Le principe du crowdfunding est plus simple que son nom le laisse entendre. Vous présentez vos projets auprès d’une communauté prête à vous faire des dons s’ils jugent votre idée porteuse et digne d’intérêt.

L’entreprise américaine Kickstarter reste à ce jour la plateforme la plus reconnue en la matière.

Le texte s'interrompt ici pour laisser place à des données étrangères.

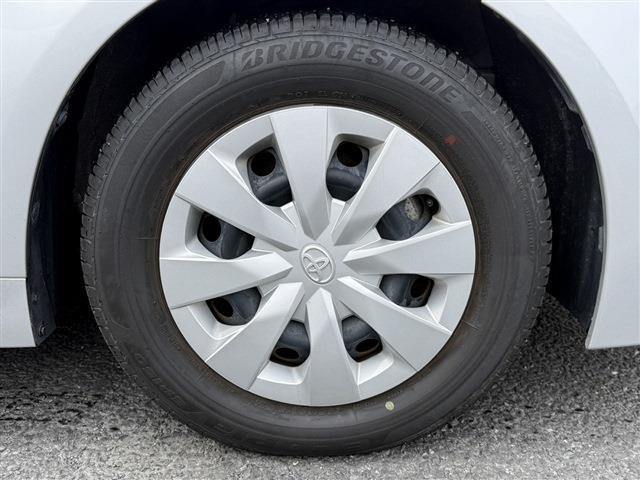 e20ce2810aee7b2cc14511efe20fb2e9.jpg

Elle possède une communauté à l’échelle internationale, et affiche déjà plus de 3 000 000 000$ de financements de projets, mais surtout plus 125 000 projets intégralement financés.

La France peut également se vanter de posséder la plateforme KissKissBankBank, qui comptabilise déjà plus de 90 000 projets financés grâce aux contributeurs, et plus de 68 000 000 € récoltés. Sur cette plateforme, vous pouvez proposer vos projets les plus créatifs. Il vous suffit donc de décrire votre projet, d’indiquer le montant qu’il vous faut acquérir pour mener à bien ce dernier, et de fixer la récompense qu’obtiendra tout contributeur. Chaque récompense s’adapte au montant remis par le contributeur. Si la somme attendue est atteinte avant que le délai de la collecte ne soit franchi, vous recevrez les fonds pour démarrer votre projet, suite à quoi vous devrez remettre les récompenses promises à chaque personne vous ayant aidé. A défaut d’avoir pu collecter le montant désiré dans les temps, la contribution de chaque participant lui est restituée. L’autre avantage ici, est de pouvoir bénéficier d’un accompagnement personnalisé tout au long de votre campagne.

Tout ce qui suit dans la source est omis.